Le rejet de la loi antitabac, source de conflits au sein de la coalition
Les Tchèques pourront continuer à fumer dans les bars, cafés, restaurants et autres lieux collectifs. La Chambre des députés a rejeté, ce mercredi dans son vote final, le projet de loi antitabac, et cela même après l’adoption de plusieurs amendements « assouplissants ». Contre la loi se sont prononcés non seulement les députés de l’opposition gouvernementale mais, à la grande surprise de leurs collègues de la coalition, également certains membres du mouvement ANO.
Reportée à maintes reprises, la loi antitabac, présentée par le gouvernement en janvier 2015, a fait, par le passé, l’objet de nombreuses critiques de la part de l’opposition gouvernementale, représentée par les partis TOP 09 et ODS, qui la considérait comme trop répressive et allant contre la politique de la libre-entreprise.
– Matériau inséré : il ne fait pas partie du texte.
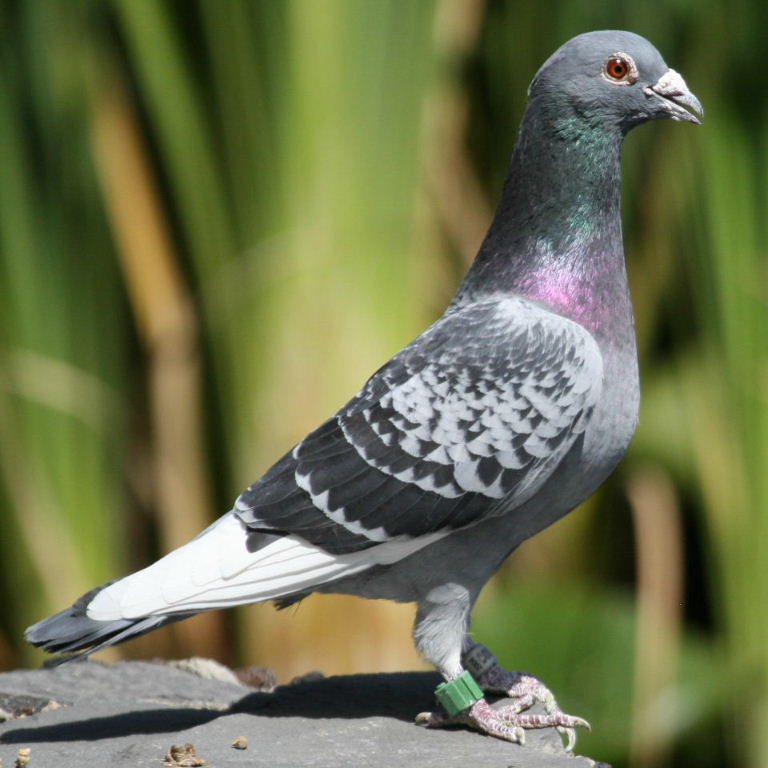 Racing pigeon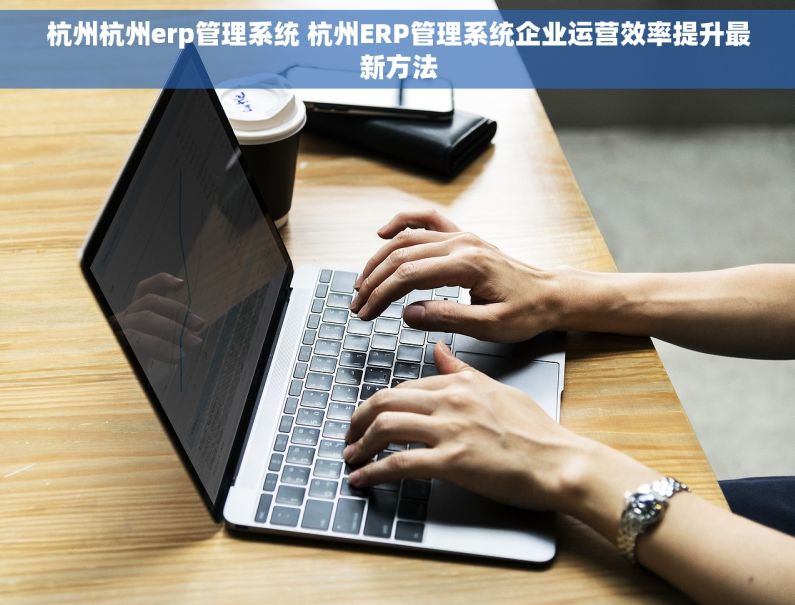 杭州杭州erp管理系统 杭州ERP管理系统企业运营效率提升最新方法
C’est également pour cette raison que les députés ont débattu, ce mercredi matin, de plus de 220 propositions d’amendements. Avant le vote final, ils ont ainsi approuvé la création de fumoirs, pièces isolées, sans service, et représentant moins de 25 % de la surface de l’établissement, un compromis consenti même par le ministre de la Santé, le social-démocrate Svatopluk Němeček. Pourtant, le résultat définitif a été surprenant : après avoir mis en doute le scrutin à deux reprises, les députés se sont prononcés contre cette mesure ; huit votes ont manqué pour son adoption. La plus grande surprise : 31 sur 44 députés du mouvement ANO, un des trois principaux partenaires de la coalition, n’ont pas voté ou ont voté contre ce projet du gouvernement. Selon ministre de la Santé, cette conduite représente une grave violation de l’accord de coalition et met à mal des centaines d’heures de travail qui auraient pu contribuer à la protection des non-fumeurs :
« Nous avons discuté avec le mouvement ANO à plusieurs reprises lors des négociations relatives à cette loi, ils ont participé à tous les ‘pas décisifs’. Mais ils n’ont annoncé à personne leur intention de rejeter cette loi lors du vote final. Je dois dire que je considère ce qui s’est passé à la Chambre des députés comme un mépris des citoyens tchèques et de leur santé et comme une grande victoire du lobby du tabac. Les députés du mouvement ANO ont rejeté un projet complexe qui atteignait le niveau de l’UE. »C’est d’ailleurs ce que pense aussi le Premier ministre et leader du Parti social-démocrate (ČSSD), Bohuslav Sobotka, qui a indiqué que ce n’était pas la première fois que les membres d’ANO n’ont pas voté majoritairement et ont ainsi perturbé le fonctionnement de la coalition.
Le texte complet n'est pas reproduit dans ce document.